Presenter: Glenn Sandiford, University of Illinois at Urbana-Champaign

Panel participants: Amanda Hooykaas, Jeffery Doherty, Alexandra Winton, Cristina Silaghi, Polly Knowlton Cockett

Deepe in the Adirondacks

Glenn Sandiford, University of Illinois at Urbana-Champaign

Location: Urbana-Champaign, Illinois, USA

Key words: guiding, conservation/preservation, parks, biography

This talk will examine the literary challenges and strategies involved in crafting an environmental biography that has been accepted for publication by SUNY Press. My book, structured around three layers of seasons, blends environmental history, oral history, and creative non-fiction.

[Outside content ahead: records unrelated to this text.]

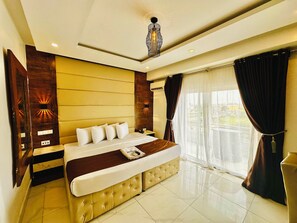 A modern hotel room with a large bed, a bedside table, a window with curtains, and a ceiling light fixture. - Presken Awolowo Way - Ikeja (Lagos)
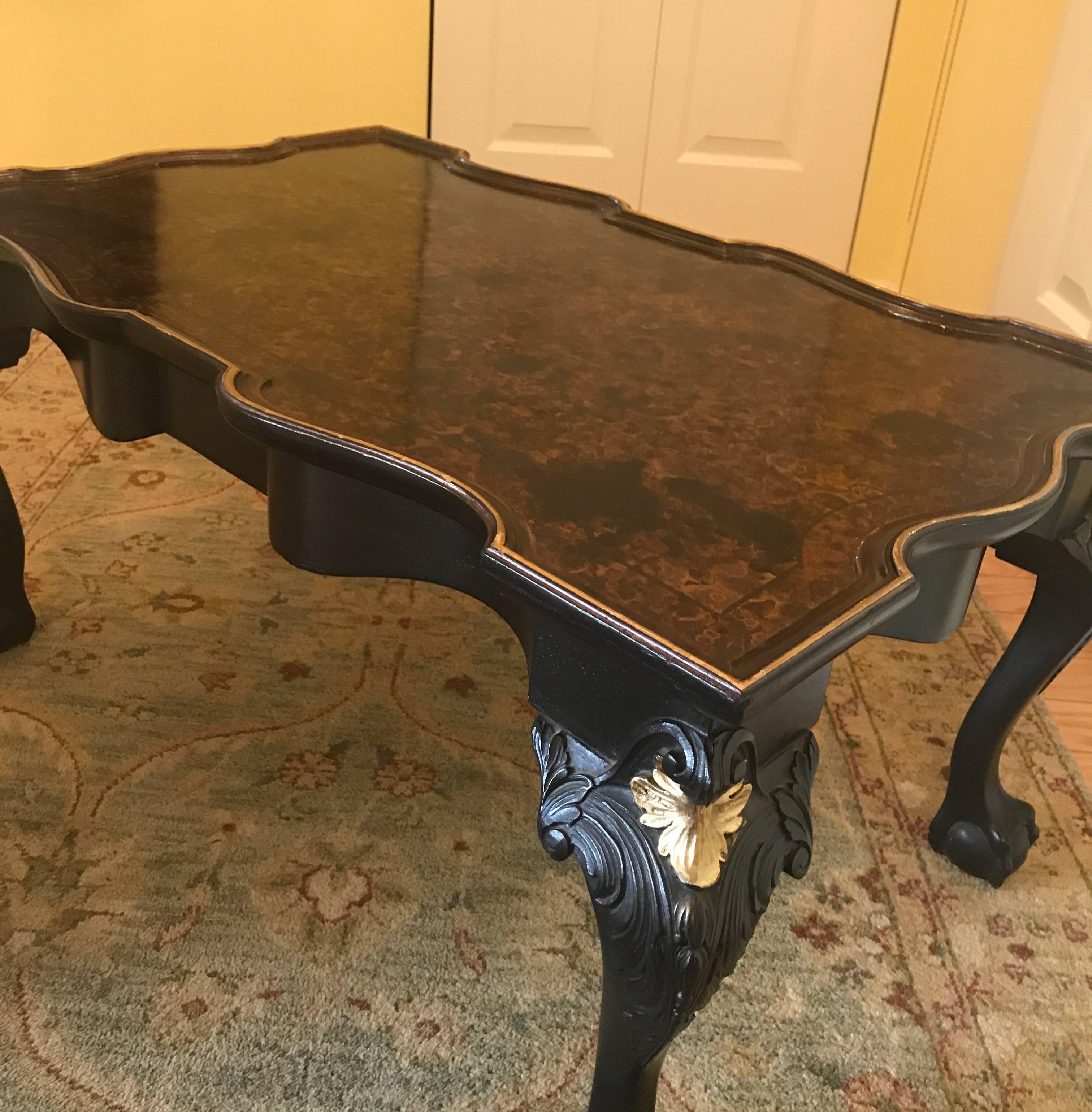 Elegant hand-carved ebonized wood table with a faux tortoise shell top. The shapely scalloped shape with curved and carved legs with gilt shell in the top. The tortoise surface with gilt outline over nicely carved cabriole legs.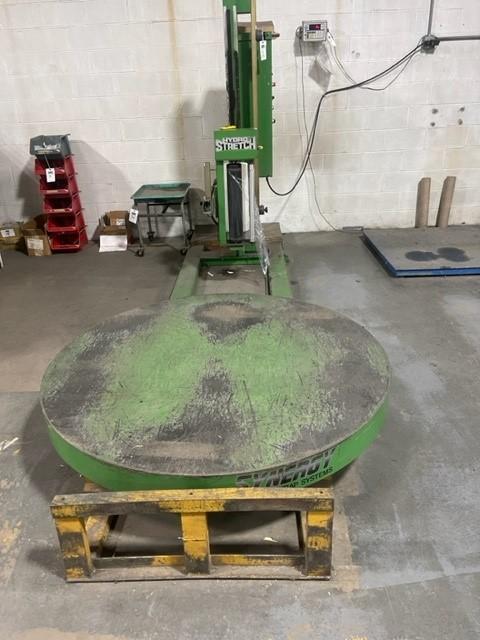 1 - PREOWNED SYNERGY 2 AUTOMATIC SHRINK WRAP MACHINE WITH HYDRO STRETCH FILM FEEDER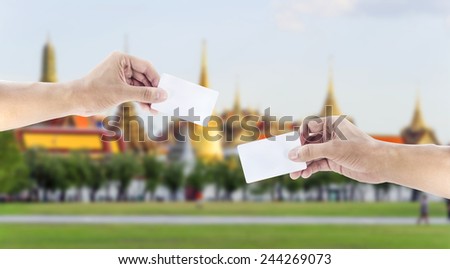 Hand exchanging a card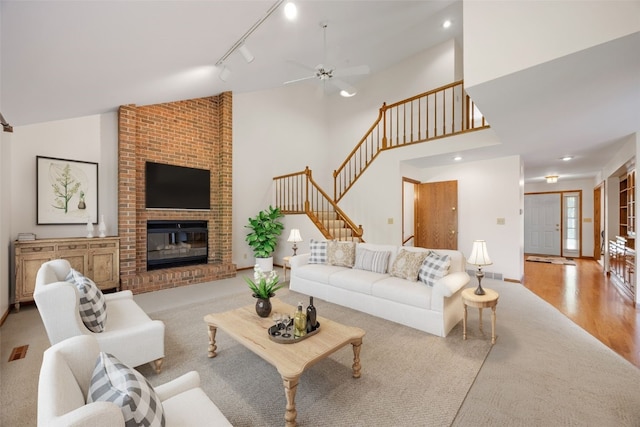 3629 Timberline Dr NE, Cedar Rapids, IA 52402 - living room with stairway, ceiling fan, a fireplace, high vaulted ceiling, and wood finished floors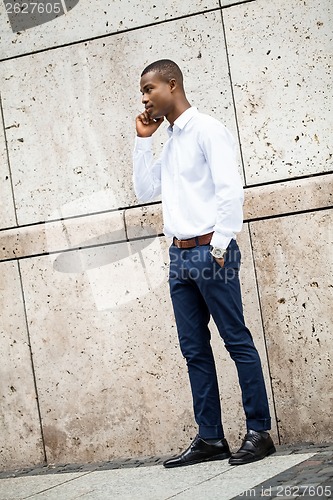 Image of young successful african business man outdoor in summer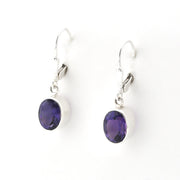 Pair of silver earrings with purple gemstones on a white background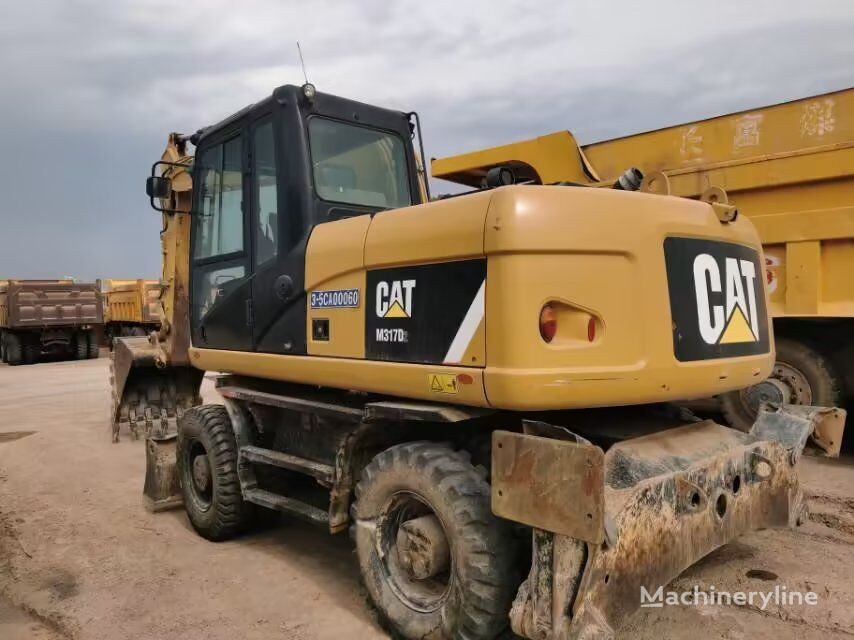 Caterpillar M317D2 excavadora de ruedas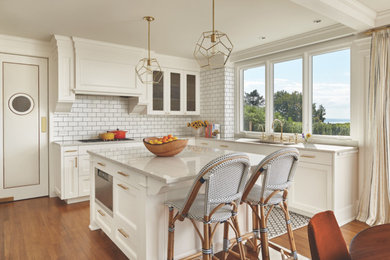 Eat-in kitchen - small transitional l-shaped medium tone wood floor eat-in kitchen idea in Seattle with an undermount sink, shaker cabinets, white cabinets, white backsplash, subway tile backsplash, white appliances and an island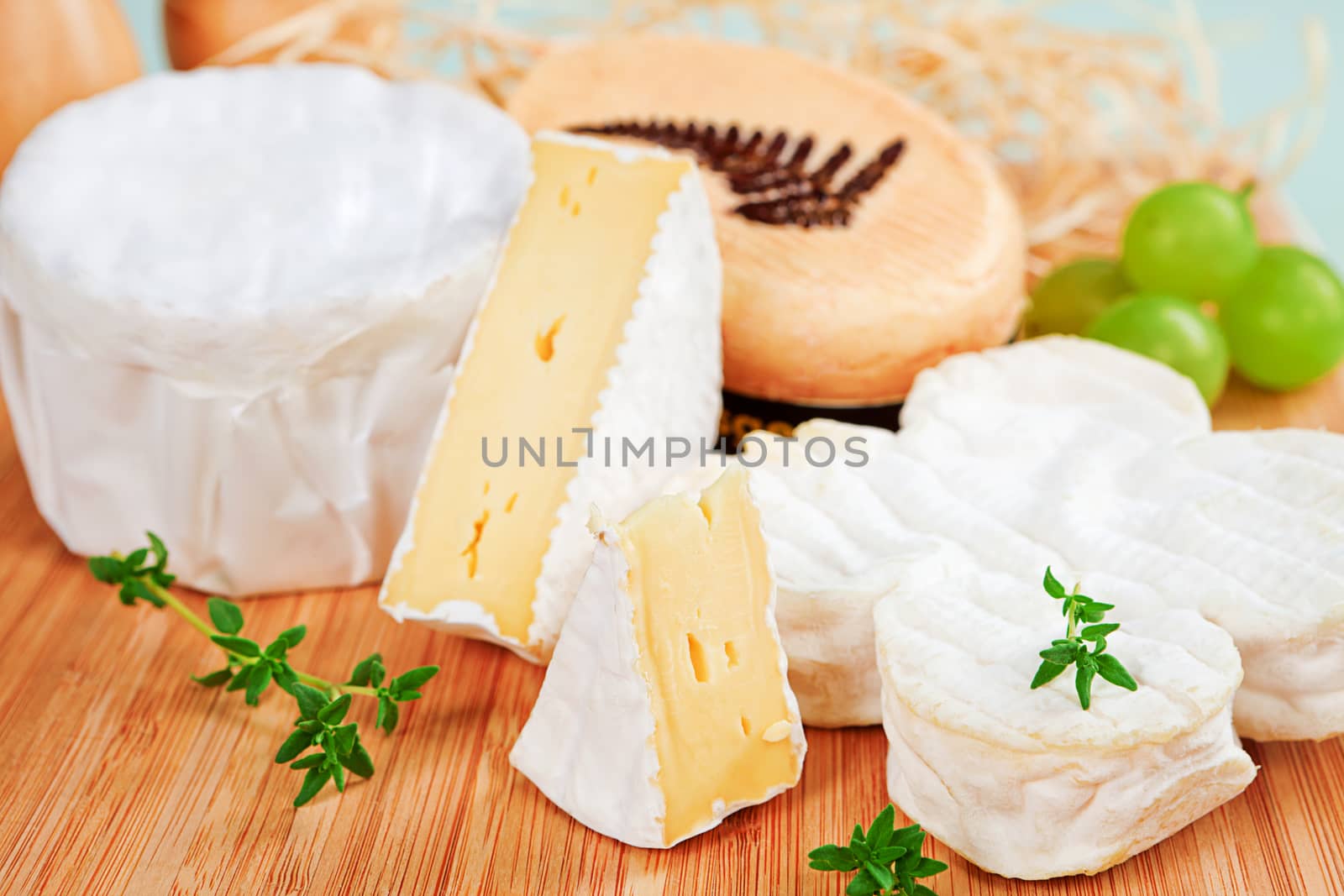 Luxurious cheese variation arranged on wooden board with fresh herbs and grapes.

Tony Deepe guided fishermen and hunters in the Adirondack Park for half a century, beginning at the end of WWI when he was just ten years old. He continued guiding in adolescence and young adulthood, first at a local hotel and then as an independent private guide. He eventually acquired a sportsman’s lodge that he had built with his own hands, where he cemented his reputation as one of the finest guides of his era.

In that lodge, and in the sprawling wilderness around it, hundreds of clients found beauty, sanctuary, adventure, and fellowship. Every year, for a week or a month, they fished, hunted, trapped, hiked, paddled, or just sat around a fire listening to Deepe’s yarns.

But Deepe was more than a charismatic guide who knew trout, whitetail, and tall tales. Attuned to the rhythms of the Adirondack woods, he learned the value of limits, and acquired a multi-generational perspective about nature. His personal convictions matured into an ethic that blended conservation with preservation — not without tension and contradiction. This ethic, expressed in word and deed, indirectly “guided” hundreds of clients as well as many adoring children. Deepe died in 1994, but his life remains a potential guide to current and future stakeholders in the Adirondack Park.

This presentation about my biography of Deepe will describe the narrative structure by which I blend multiple genres of writing and scholarship. That structure includes a three-layered theme of seasons — the natural seasons, the developmental seasons of Deepe’s life, and the historical seasons of the Adirondack Park, which was created just a few short years before Deepe’s birth. The book also features excerpts of Deepe’s tales, conveyed in his own words, that reflect the sub-theme of each chapter.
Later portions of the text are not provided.